▸ Exercise goal
In your copy of the data below, reproduce every entry exactly and omit the pictures.

Start of Block

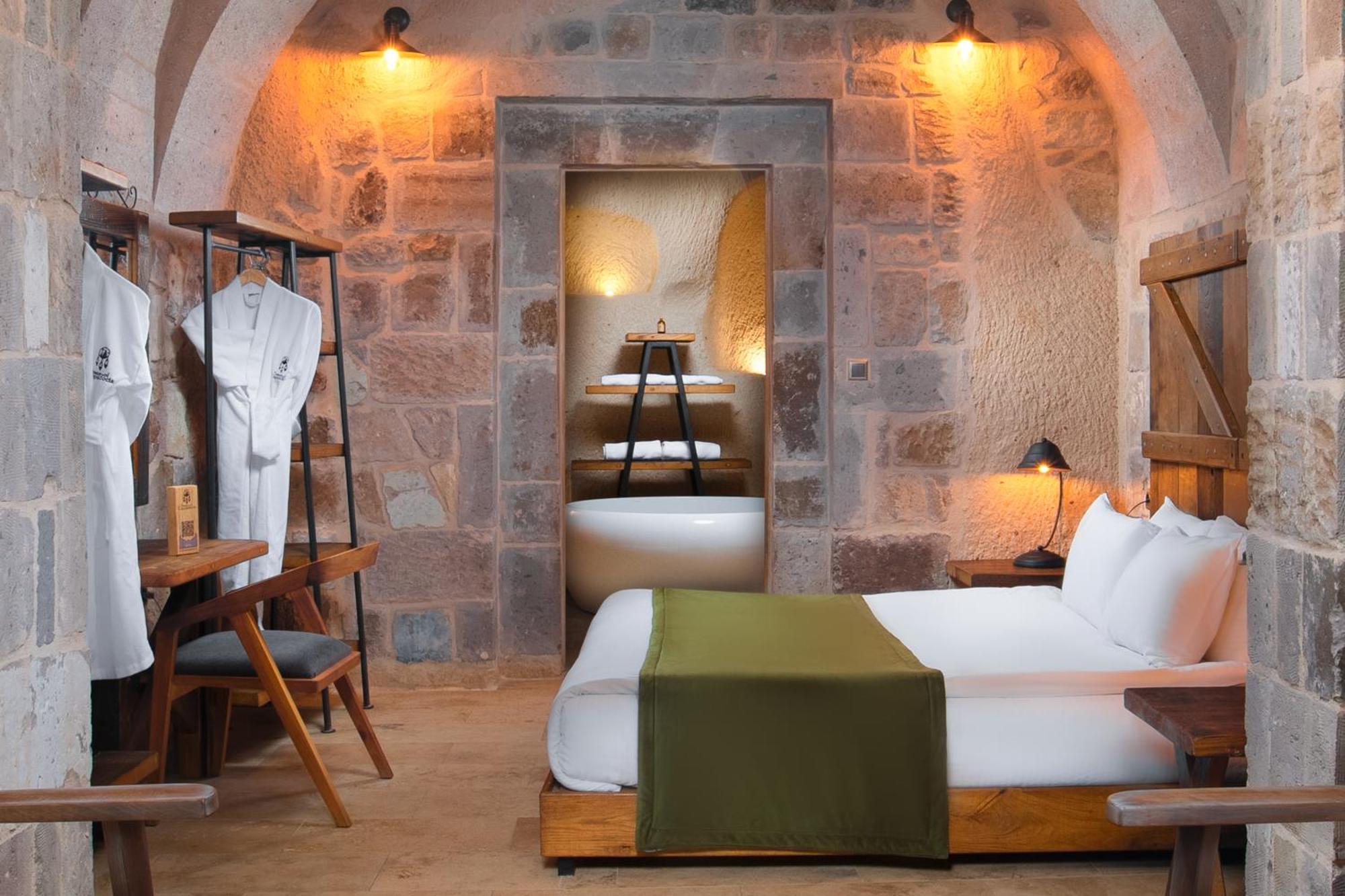 Hotel Dream Of Cappadocia Üçhisar Esterno foto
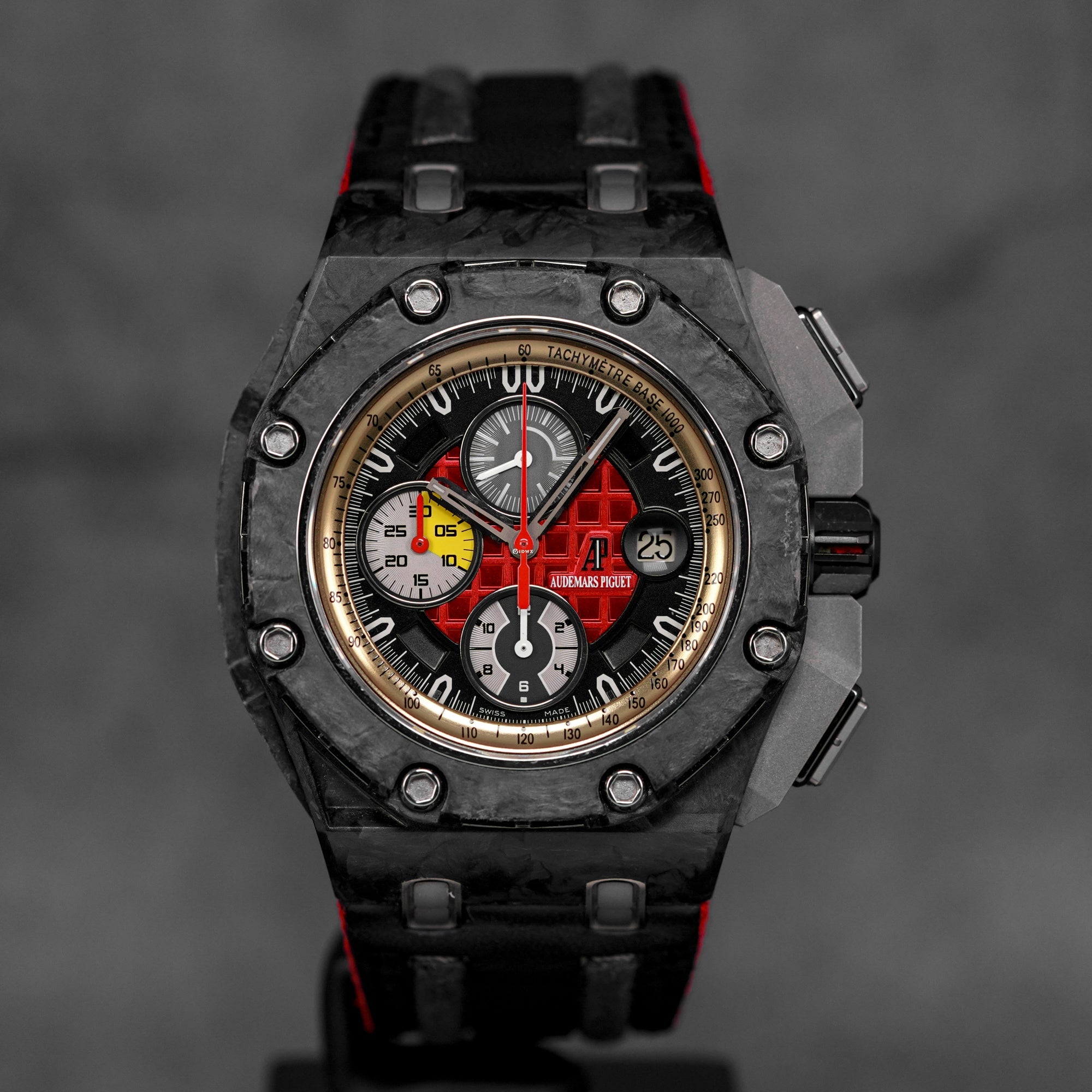ROYAL OAK OFFSHORE CHRONOGRAPH 44MM 'GRAND PRIX' CARBON LIMITED EDITION (UNDATED)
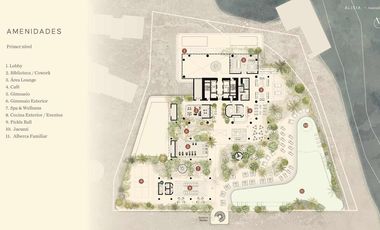 DEPARTAMENTOS EN PRE VENTA  ALISIA Puerto Vallarta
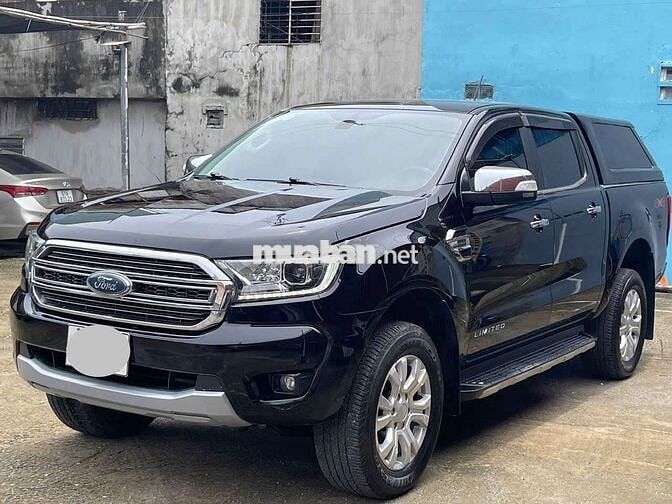 Ranger XLT 2.0L 4x4 AT Limited sx2021 - 86000 km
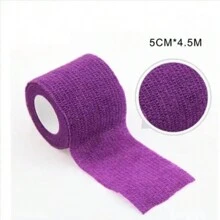 Sports Bandage Elastic Elastoplast Self Adhesive Tape Protect Wrist Palm Finger Arm Shoulder Knee Ankle Pets Leg Tattoo Gym Accessories - Multicolor - View 6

End of Block

▸ Exercise solution
 Hotel Dream Of Cappadocia Üçhisar Esterno foto
ROYAL OAK OFFSHORE CHRONOGRAPH 44MM 'GRAND PRIX' CARBON LIMITED EDITION (UNDATED)
 DEPARTAMENTOS EN PRE VENTA  ALISIA Puerto Vallarta
 Ranger XLT 2.0L 4x4 AT Limited sx2021 - 86000 km
 Sports Bandage Elastic Elastoplast Self Adhesive Tape Protect Wrist Palm Finger Arm Shoulder Knee Ankle Pets Leg Tattoo Gym Accessories - Multicolor - View 6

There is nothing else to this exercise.